File metadata and controls

84 lines (60 loc) · 3.79 KB

Research Explanation (Plain English)

This is the same story the code tells, without the jargon. It follows the data from raw input all the way to a decision-ready research dashboard.

1. Start with controlled, reproducible data

Instead of pulling unpredictable data from the internet, we generate a synthetic series with a fixed random seed. Think of it as a lab sample: the same recipe always produces the same sample, so anyone can rerun the project and get identical results. The output is a simple table with a date and a close value.

2. Validate before trusting

Real analysts never trust raw data blindly. Before anything else we check:

  • Is the close column actually there?
  • Are there blanks or missing values?
  • Are any values zero or negative (which would be impossible for a level)?
  • Do we have enough rows to compute the rolling averages we need?

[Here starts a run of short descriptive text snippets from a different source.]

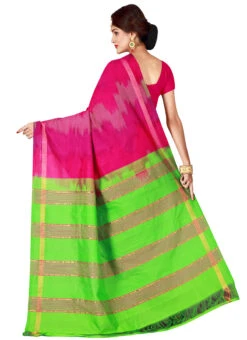 Pink N Green Zari Woven Saree After Six Wear -ZariGrace Shop pink n green zari woven saree sachfn003 b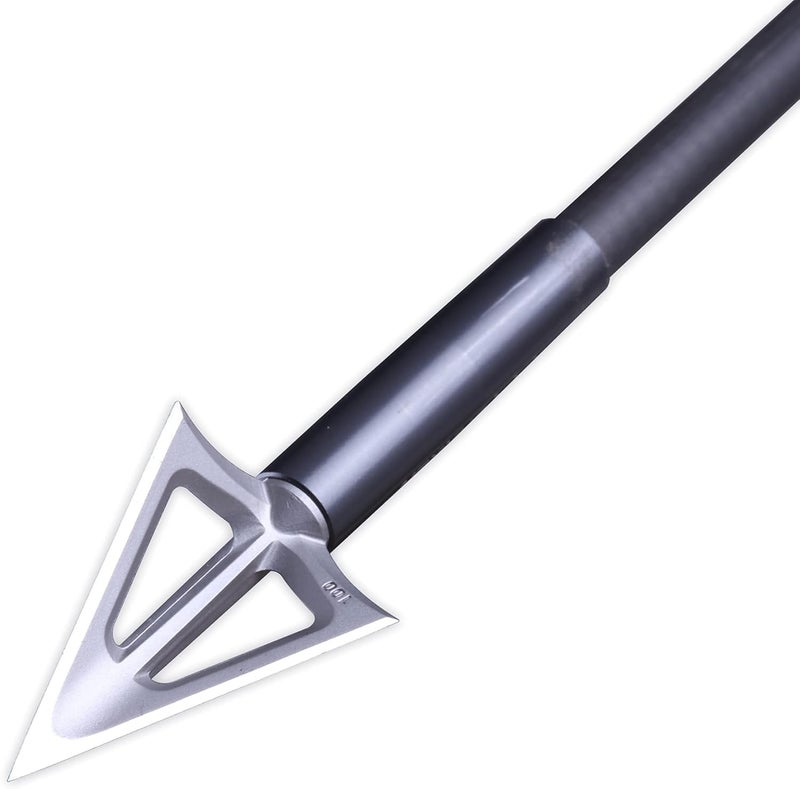 LEANPRO Store 6-Pack 420 Stainless Steel Fixed Blade Broadheads 100 Grain 1-1/8" Cut Premium Solid Arrow Tip for Archery Hunting for Crossbow and Compound Bow - Image 5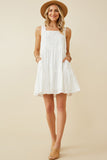 HY6946 OFF WHITE Womens Textured Square Neck Ruffle Tiered Dress Full Body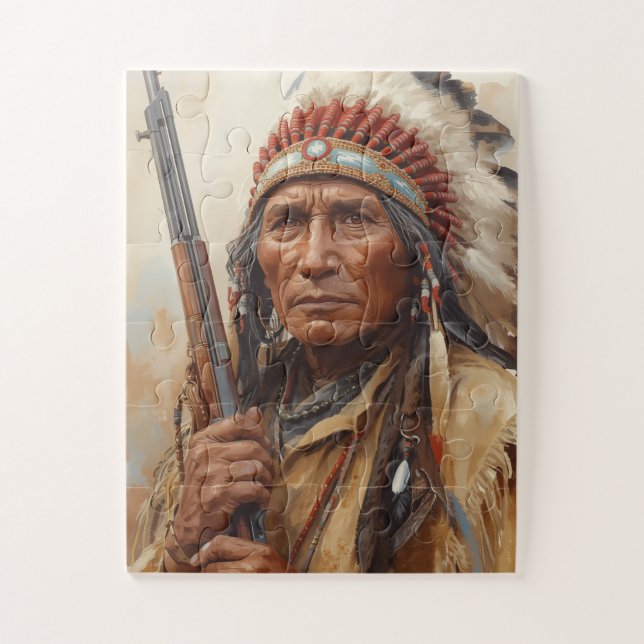 Puzzle Portrait de Geronimo, chef de guerre indien (Vertical)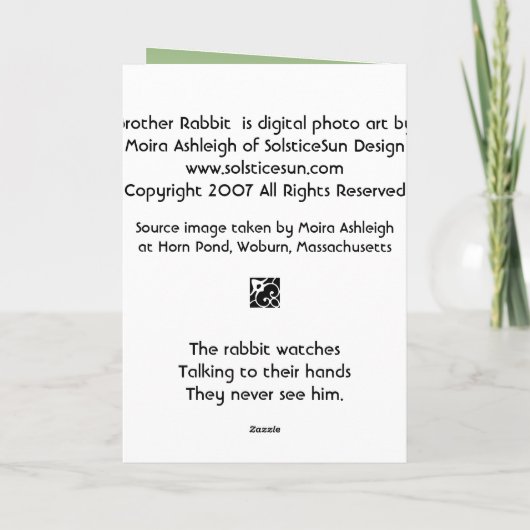 Carte Lapin de frère (Dos)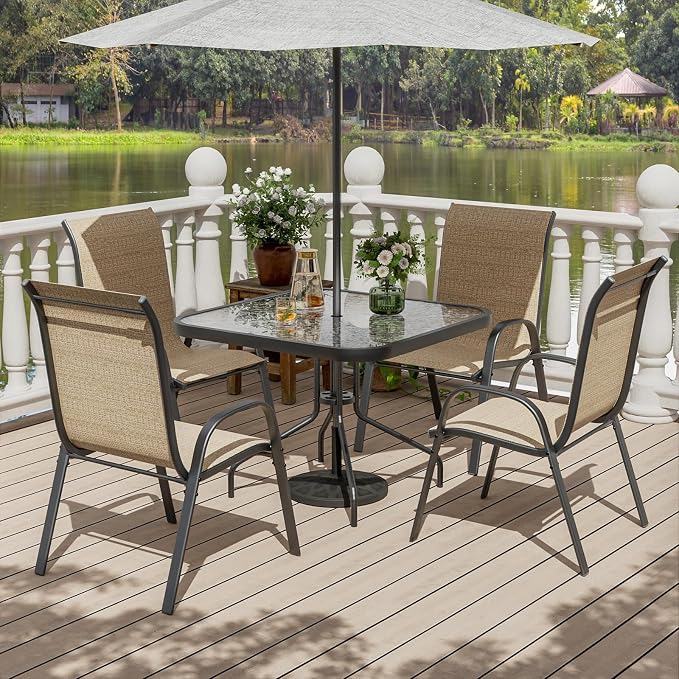 UDPATIO Patio Chairs Set of 4, Stackable Outdoor Dining Chairs - Image 2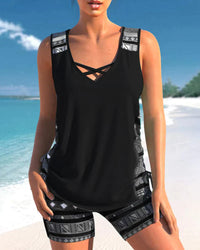 Trendy swimwear with V-neck and geometric pattern – Tankini set Madonna-Black-S-State of Style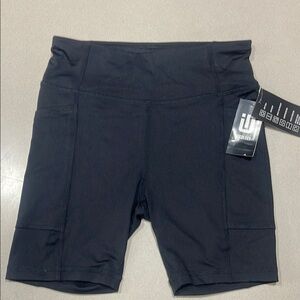 Ideology Girls Black High-Waist Performance Bike Shorts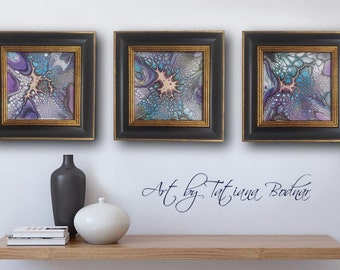Conjunto de 3 arte de pared Pinturas enmarcadas sobre tablero de lienzo Pintura acrílica original Tríptico usando pintura metálica Técnica Bloom Arte fluido 6x6"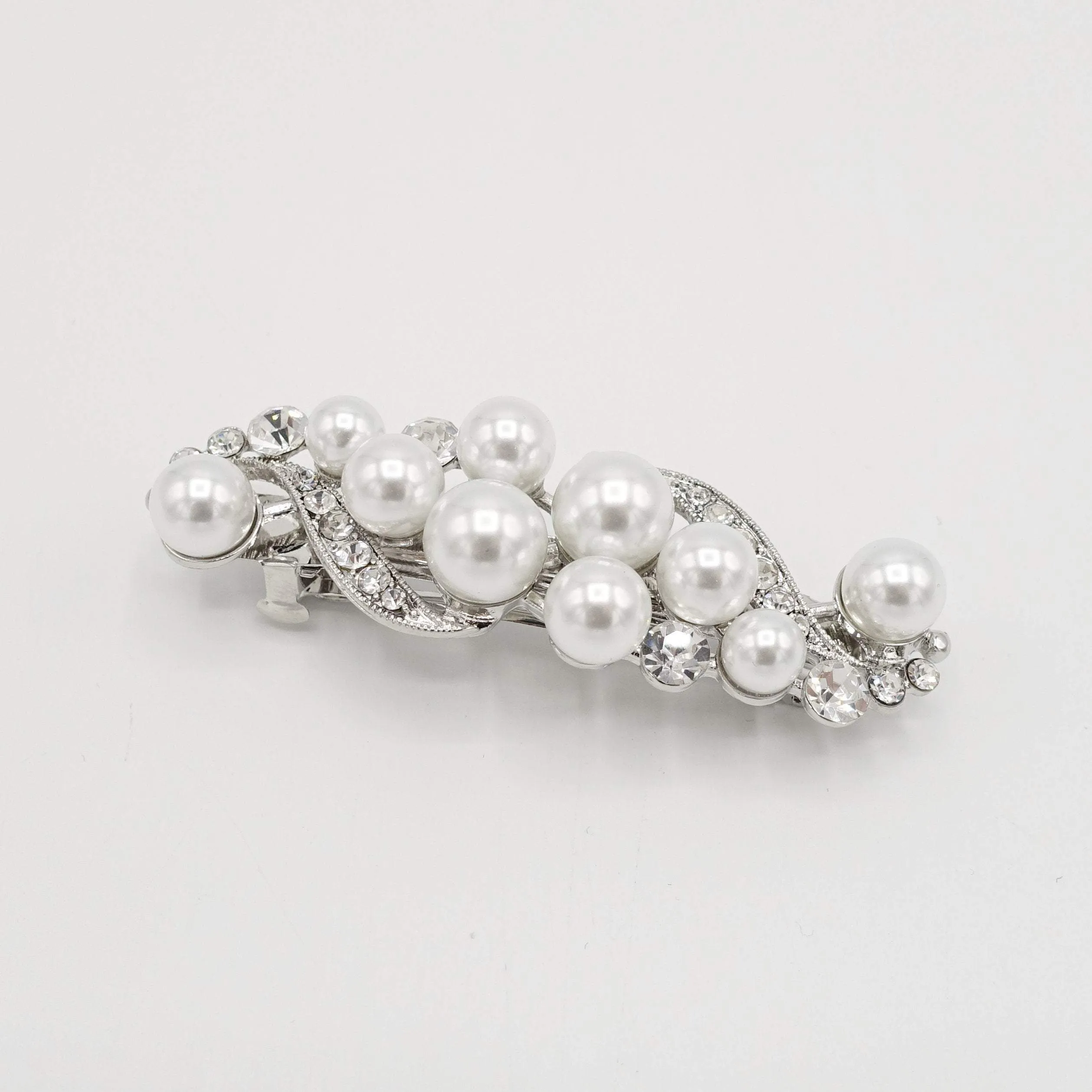 wave pearl rhinestone hair barrette special event hair accessory for women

If any check fails, the program stops immediately with a clear message instead of quietly producing wrong numbers later.

3. Turn data into experiments

We test a simple rule: compare a fast moving average to a slow one. When the fast line is above the slow line, the rule is "in"; otherwise it sits out. One subtle but important detail: we make each decision using yesterday's information, never today's. This prevents the rule from "cheating" by peeking at the future — a classic mistake called look-ahead bias.

We also charge a small cost every time the rule switches in or out, so the numbers reflect that acting is not free.

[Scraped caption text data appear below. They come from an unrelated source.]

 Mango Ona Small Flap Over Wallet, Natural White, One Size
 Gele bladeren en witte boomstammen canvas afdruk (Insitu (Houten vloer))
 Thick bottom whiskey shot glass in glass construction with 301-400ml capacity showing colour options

4. Compare against a fair benchmark

A return number on its own means little. So every experiment is compared to a plain buy-and-hold baseline — what you would have gotten by doing nothing clever. This is the analyst's equivalent of an A/B test control group.

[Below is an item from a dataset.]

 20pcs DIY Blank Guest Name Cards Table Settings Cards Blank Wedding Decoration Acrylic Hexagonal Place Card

5. Measure with documented KPIs

We summarise each experiment with a scorecard: total return vs the baseline, how bumpy the ride was (volatility, drawdown), reward-per-risk (Sharpe, Sortino), how active the rule was, and how different it really was from the baseline. Every KPI is defined in plain terms in the code and methodology.

6. Run many scenarios

Rather than trusting one setting, we sweep across many combinations of fast and slow windows and put the results in a tidy table. A heatmap then shows at a glance whether good results are consistent across settings or just a lucky one-off cell.

7. Don't judge a setting on the data that picked it

Picking the "best" setting and then grading it on the same data is how analysts fool themselves. So we split the timeline into an earlier training stretch and a later test stretch the selection never sees, choose the setting on training, and report how it does on the unseen test. We then repeat this walk-forward — train, test, step forward — to see whether the choice holds up fold after fold.

8. Stress-test the result

Finally we ask "how lucky was the ordering of returns?" by reshuffling the realised returns thousands of times (a Monte Carlo bootstrap) to see the range of outcomes and how often a path ends in a loss. This describes how stable the result is — it does not predict the future.

9. Visualise and report

Finally we turn the numbers into a small set of clean charts and a one-page HTML dashboard with KPI cards, the best configuration, and a one-line analyst takeaway. The dashboard opens offline in any browser — no internet, no setup — so a reviewer can understand the whole study in a couple of minutes.

10. Interpret honestly

If the candidate signal beats the baseline, we say so. If it does not — which on synthetic data it often will not — we say that too. The value of the project is the trustworthy process: controlled data, validation, a fair benchmark, out-of-sample and robustness testing, honest metrics, and clear communication.